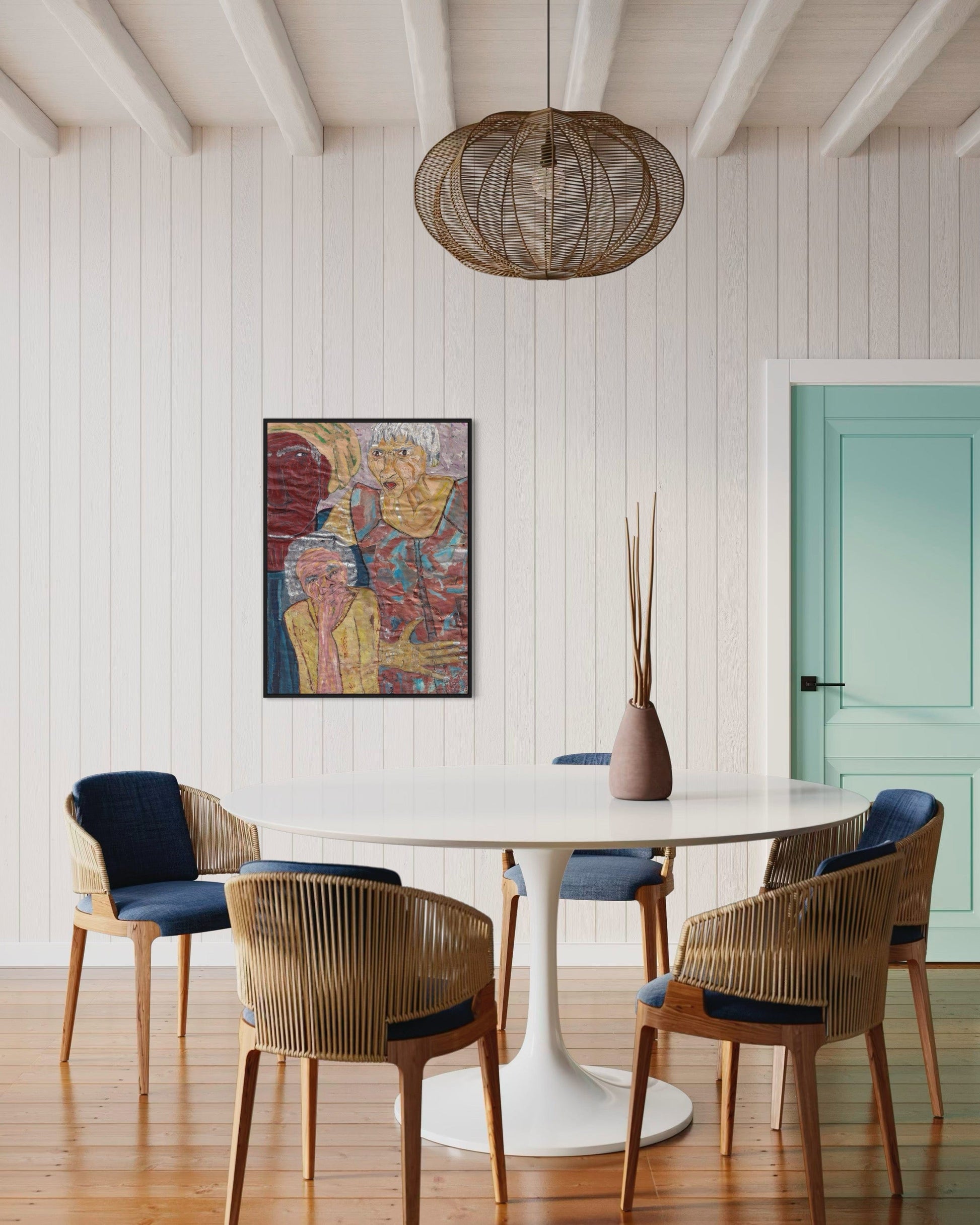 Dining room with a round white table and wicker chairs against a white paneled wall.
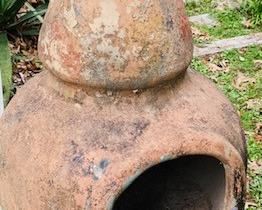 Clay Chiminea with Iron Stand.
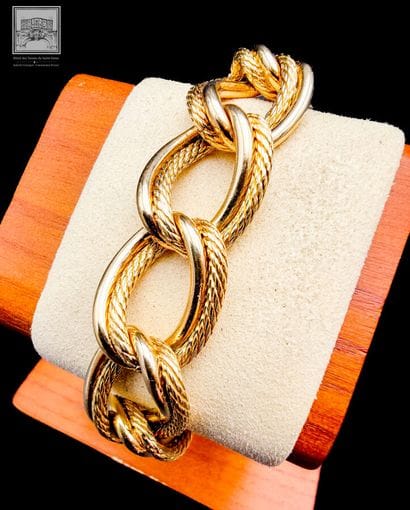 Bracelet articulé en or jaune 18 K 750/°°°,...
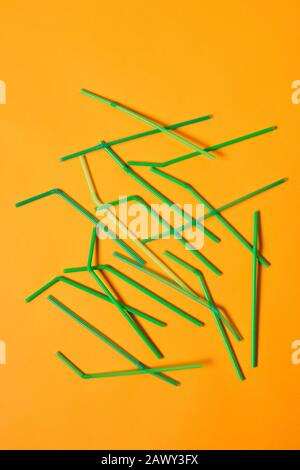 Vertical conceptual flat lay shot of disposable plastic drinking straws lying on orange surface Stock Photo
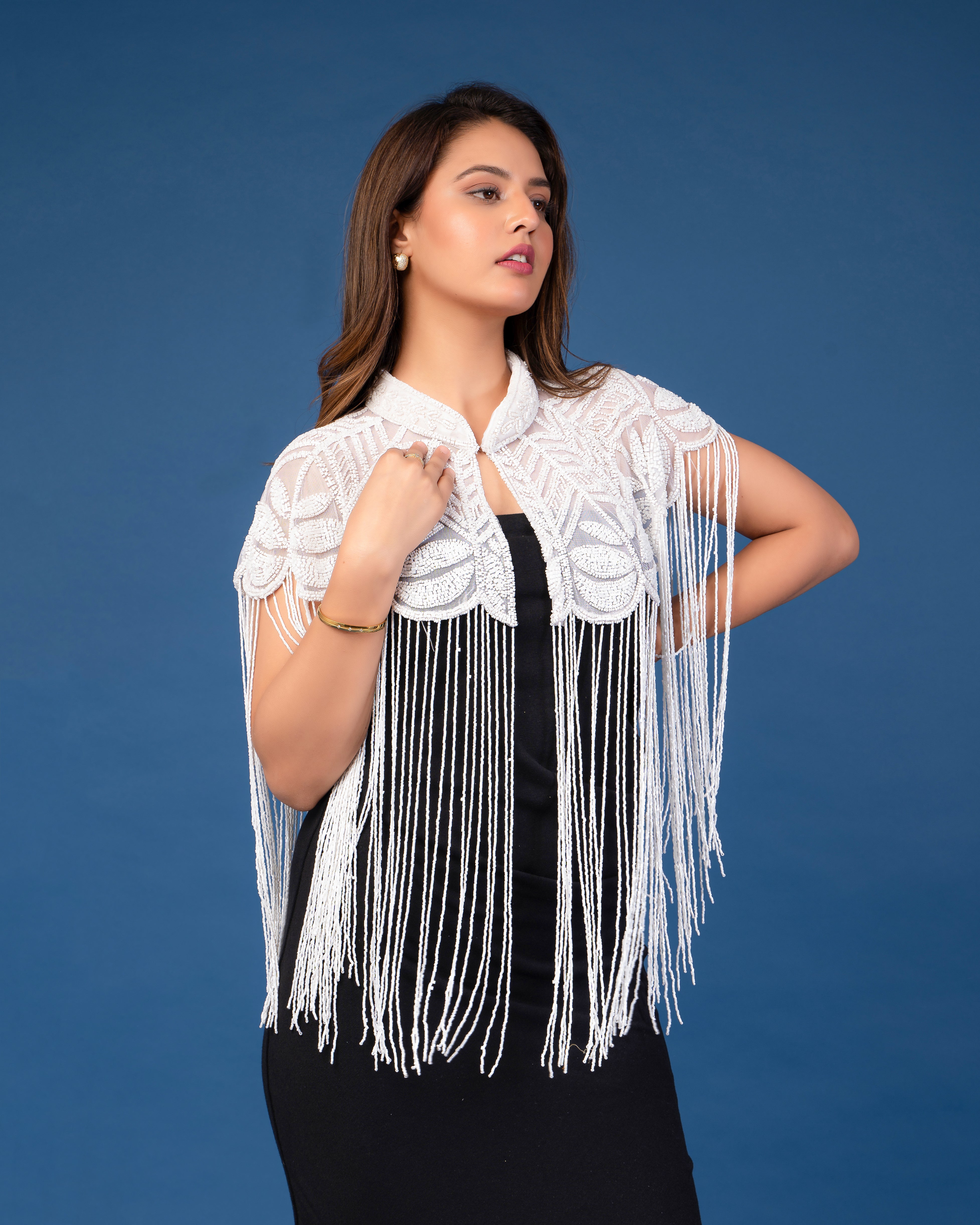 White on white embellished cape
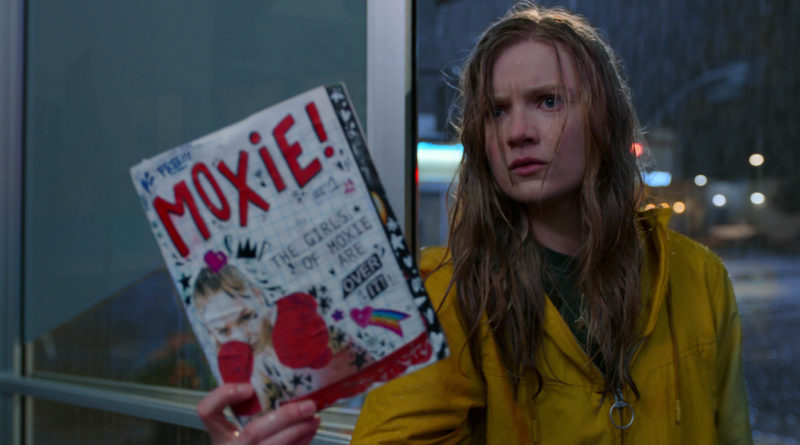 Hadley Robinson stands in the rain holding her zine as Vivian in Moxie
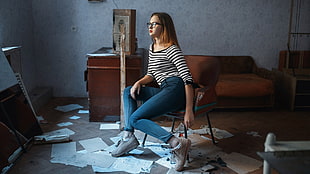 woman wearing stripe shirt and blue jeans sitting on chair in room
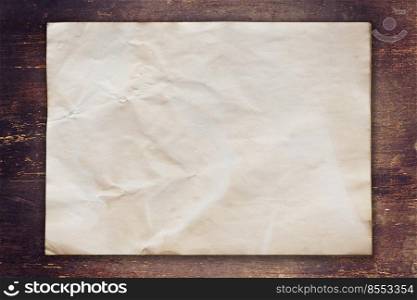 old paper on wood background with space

--

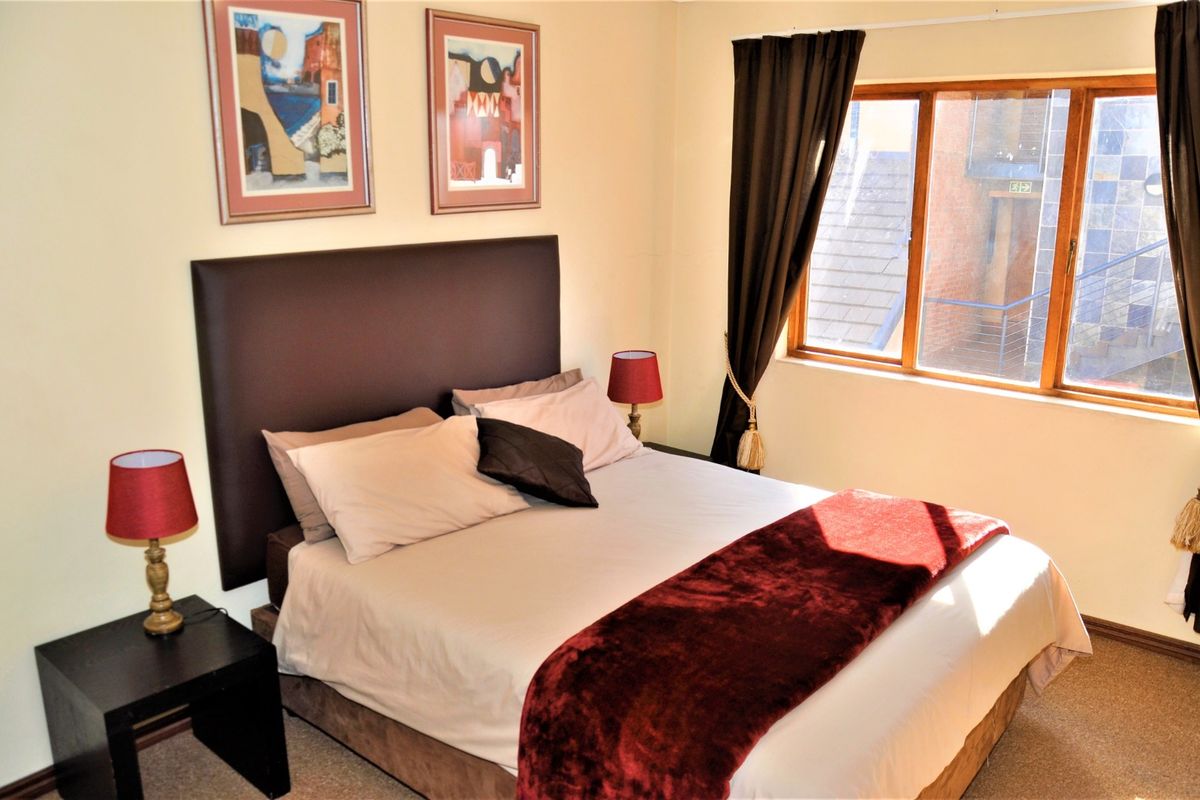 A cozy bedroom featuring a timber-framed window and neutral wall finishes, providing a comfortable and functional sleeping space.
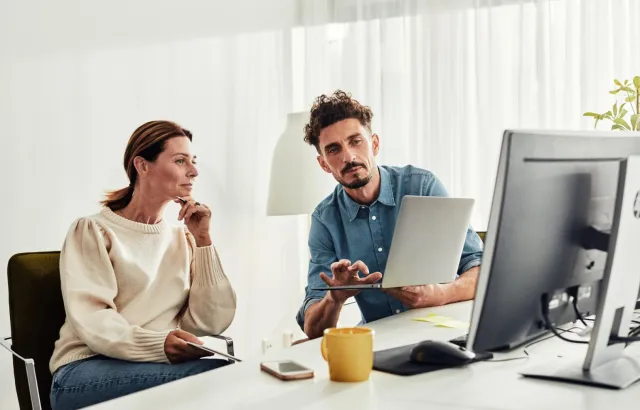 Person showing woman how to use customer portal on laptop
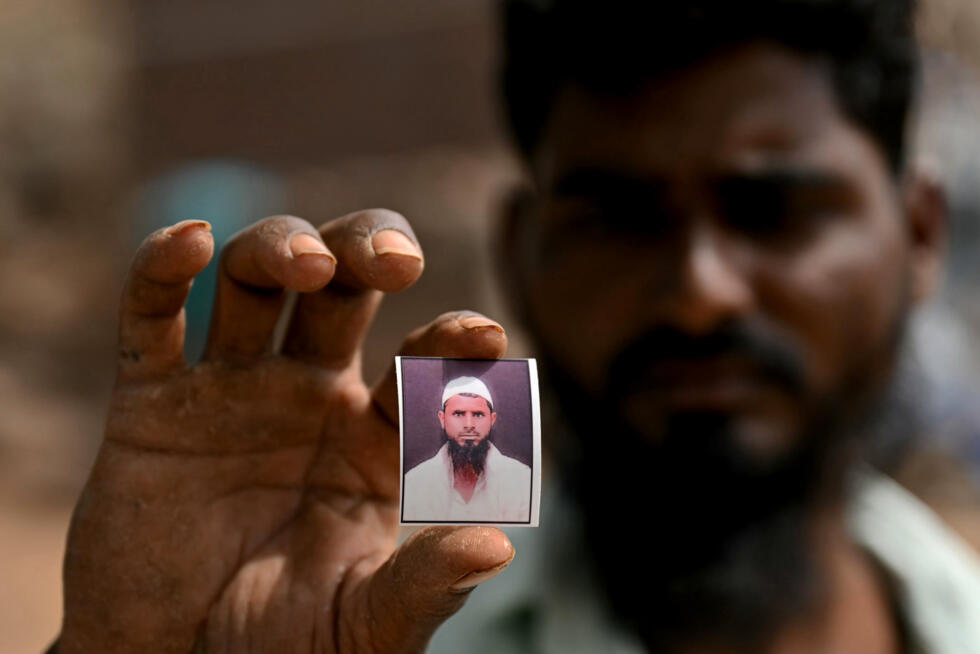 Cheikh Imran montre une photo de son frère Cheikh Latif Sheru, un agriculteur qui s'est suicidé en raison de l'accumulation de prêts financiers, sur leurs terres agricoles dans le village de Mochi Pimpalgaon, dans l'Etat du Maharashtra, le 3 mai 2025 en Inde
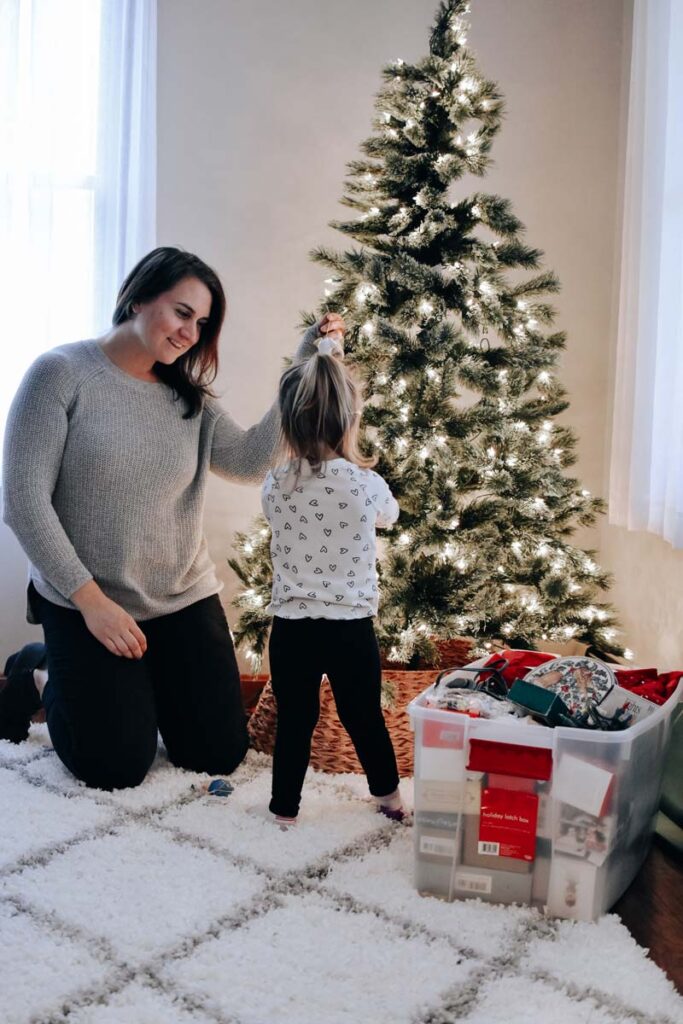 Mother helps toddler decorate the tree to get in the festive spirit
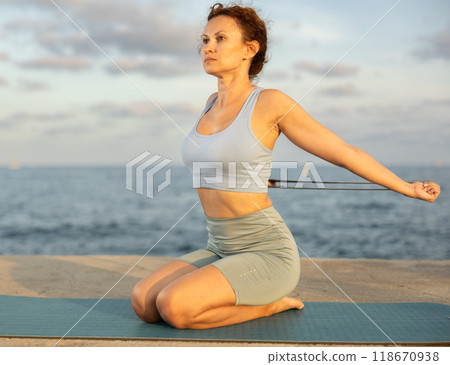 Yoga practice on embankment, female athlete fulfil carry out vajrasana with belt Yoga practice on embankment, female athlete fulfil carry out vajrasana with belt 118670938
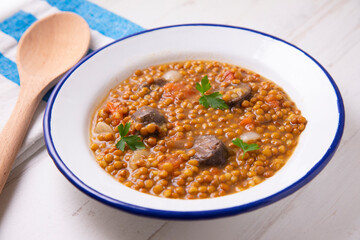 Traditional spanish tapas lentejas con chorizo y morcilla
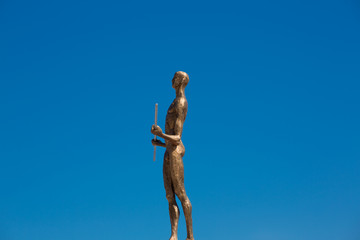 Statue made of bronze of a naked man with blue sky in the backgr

→ **YOUR INSTRUCTIONS**
Leaving all pictures out, output exactly the lines of the material above from the line with "Bracelet articulé en" to the line with "old paper on wood background with space", both included.

→ **TASK RESULT**
 Bracelet articulé en or jaune 18 K 750/°°°,...
 Vertical conceptual flat lay shot of disposable plastic drinking straws lying on orange surface Stock Photo
 White on white embellished cape
 Hadley Robinson stands in the rain holding her zine as Vivian in Moxie
 woman wearing stripe shirt and blue jeans sitting on chair in room
 old paper on wood background with space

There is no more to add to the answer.